Observability is no longer about collecting but connecting.
The process of observability is a shift away from having to deploy a proprietary agent on my application or server to building an open-source agent into my application. And that’s going to provide data to everybody, not just the vendor you’re using.
This isn’t being seen everywhere yet, but there is a move toward this unification of data.
The future of IT Operations monitoring is that, instead of the agent asking, ‘Is everything okay?’ the apps and infrastructure are going to self-report, ‘Here’s what’s going on.’
The objective is to identify the unknown unknowns.
The promise of AIOps
Ultimately, we expect to see AIOps emerge as the answer to monitoring with a business outcome focus. It promises to deliver consolidated a analysis of performance across domains, including application performance management (APM), IT infrastructure monitoring (ITIM), network performance management and diagnostics (NPMD), and digital experience monitoring (DEM).
AIOps will bring in the switch from reactive monitoring to proactive by delivering useful, actionable insights quickly that augment human intelligence. AIOps will find current and potential future problems by detecting change as the cause of the issue and then recommend solutions.
The foundation you need to lay in IT Ops monitoring is a good configuration management database (CMDB) because you need to know everything in your environment, and integrate it with your ITSM. When everything is integrated, you get a better view.

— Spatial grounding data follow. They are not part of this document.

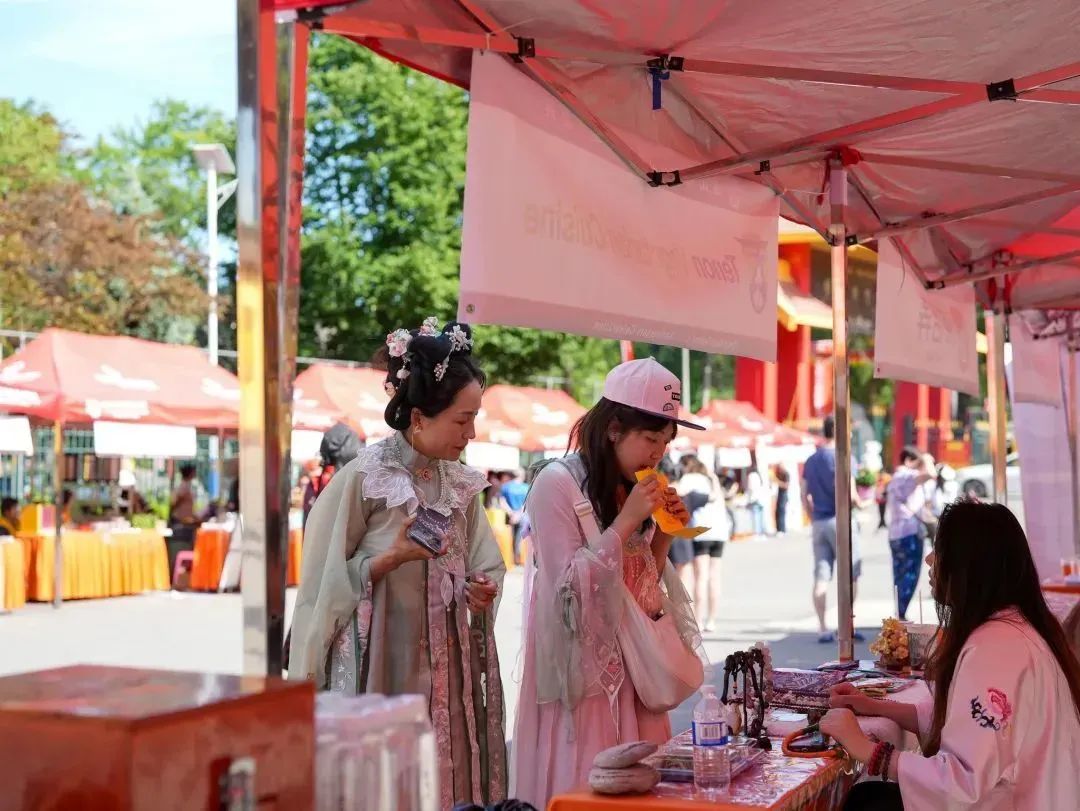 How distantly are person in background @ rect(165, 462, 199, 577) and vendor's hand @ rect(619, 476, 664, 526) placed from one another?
15819 mm

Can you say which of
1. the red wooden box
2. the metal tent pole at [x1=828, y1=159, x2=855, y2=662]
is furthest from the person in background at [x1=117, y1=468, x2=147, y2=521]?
the red wooden box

Following AIOps is the addition of automation. Automation in monitoring will increase agility because, once AIOps has identified the problem, you can make changes faster, more efficiently, and reliably. For example, if you need to make 50 changes to 100 routers, that’s a lot of manual labor and the error potential goes up exponentially. But if ML automation can do that for you, you regain a huge amount of time and will see significantly fewer errors.

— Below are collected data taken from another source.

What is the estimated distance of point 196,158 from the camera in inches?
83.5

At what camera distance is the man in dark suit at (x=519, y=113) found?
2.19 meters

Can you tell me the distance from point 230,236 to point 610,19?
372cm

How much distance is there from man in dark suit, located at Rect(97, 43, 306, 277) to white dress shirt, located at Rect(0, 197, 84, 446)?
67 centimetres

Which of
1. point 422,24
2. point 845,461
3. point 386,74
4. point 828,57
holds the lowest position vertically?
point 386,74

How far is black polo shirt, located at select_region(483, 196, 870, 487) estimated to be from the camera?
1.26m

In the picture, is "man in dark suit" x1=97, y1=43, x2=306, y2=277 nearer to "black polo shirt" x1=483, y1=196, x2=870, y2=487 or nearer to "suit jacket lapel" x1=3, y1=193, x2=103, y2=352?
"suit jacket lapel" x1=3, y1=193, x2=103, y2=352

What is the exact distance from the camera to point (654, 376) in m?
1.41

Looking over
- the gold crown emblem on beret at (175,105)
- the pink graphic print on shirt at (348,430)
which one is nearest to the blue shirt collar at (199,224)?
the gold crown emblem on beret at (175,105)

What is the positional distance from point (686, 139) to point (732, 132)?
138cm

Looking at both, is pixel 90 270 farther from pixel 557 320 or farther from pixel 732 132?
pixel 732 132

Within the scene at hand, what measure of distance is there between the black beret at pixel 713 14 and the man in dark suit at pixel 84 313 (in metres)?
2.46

Plus, automation will come with simulation so you can simulate your changes before you implement them. Eventually, we’ll see closed-loop automation.

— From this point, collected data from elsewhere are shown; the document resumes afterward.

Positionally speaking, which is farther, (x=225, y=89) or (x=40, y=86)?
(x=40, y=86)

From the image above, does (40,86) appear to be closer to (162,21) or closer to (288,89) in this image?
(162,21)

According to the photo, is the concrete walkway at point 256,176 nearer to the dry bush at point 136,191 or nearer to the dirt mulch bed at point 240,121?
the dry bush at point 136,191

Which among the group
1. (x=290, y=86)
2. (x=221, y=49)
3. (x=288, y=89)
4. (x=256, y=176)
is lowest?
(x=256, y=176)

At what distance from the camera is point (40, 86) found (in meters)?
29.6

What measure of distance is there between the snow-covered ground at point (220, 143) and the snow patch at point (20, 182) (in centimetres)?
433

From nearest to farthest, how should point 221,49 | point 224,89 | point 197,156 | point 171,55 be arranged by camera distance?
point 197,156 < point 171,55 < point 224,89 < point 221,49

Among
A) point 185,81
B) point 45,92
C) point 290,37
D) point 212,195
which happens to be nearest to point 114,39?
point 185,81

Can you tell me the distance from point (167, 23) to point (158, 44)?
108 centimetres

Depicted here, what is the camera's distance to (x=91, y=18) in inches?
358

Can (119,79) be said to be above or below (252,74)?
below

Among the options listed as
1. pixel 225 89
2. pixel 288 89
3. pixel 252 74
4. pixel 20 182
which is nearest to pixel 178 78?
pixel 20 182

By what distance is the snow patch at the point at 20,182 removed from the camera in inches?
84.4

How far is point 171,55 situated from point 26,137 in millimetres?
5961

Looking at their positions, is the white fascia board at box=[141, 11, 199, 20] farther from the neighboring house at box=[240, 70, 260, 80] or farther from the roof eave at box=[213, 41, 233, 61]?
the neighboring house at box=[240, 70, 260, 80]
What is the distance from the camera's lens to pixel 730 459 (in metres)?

What should enterprises do to prepare for the new IT monitoring environment?
In light of all we’ve covered about the changing face of IT Ops monitoring and the promises of the AIOps and automation future, how can you start to pivot your IT Ops team to align with the demands of the business?
First, reorient your perspective. Monitor from the top down.
Monitor by first asking: what are my business processes and how are we supporting and achieving the processes and goals? Are we able to achieve what we’re trying to do?
This requires you to push your boundaries, become more agile, and figure out what’s going on beyond what’s up and what’s down.
If the application latency is up 10% following a new release just 10 mins ago, you might not think that’s so bad. But if you haven’t been monitoring sales alongside that, you wouldn’t notice that the latency increase coincided with a drop in sales. That suddenly makes the issue potentially much bigger because you’re monitoring from a business outcomes-first perspective rather than IT-first perspective.
You need to evolve through the 5 stages of monitoring maturity.
Most organizations today are at stage two or three, but we need to move to level four – business insights. Stage five will come in a few years’ time.
But how do you level up? Here’s a step-by-step roadmap for the next five years.
2021: Adopt a product-centric focus aligned with business outcomes. Use AIOps. Collaborate with adjacent teams (ITSM, DevOps, SecOps)
2022: Broaden IT Ops skill sets. Shift from the single-stack specialist to a generalist.
2023: Support digital business product monitoring.
2024+: AI-driven closed-loop automation.
We want to become the creator, curator, analyst, utilizer, and distributor of business insights and IT Operations wisdom. If we can’t get there, IT Ops will continue to struggle because we’re not able to help business outcomes or customer experiences.
Everything needs to feed up to the business level. IT is the bedrock of businesses, so prove it.
And remember: the only things that matter are business outcomes and customer experience.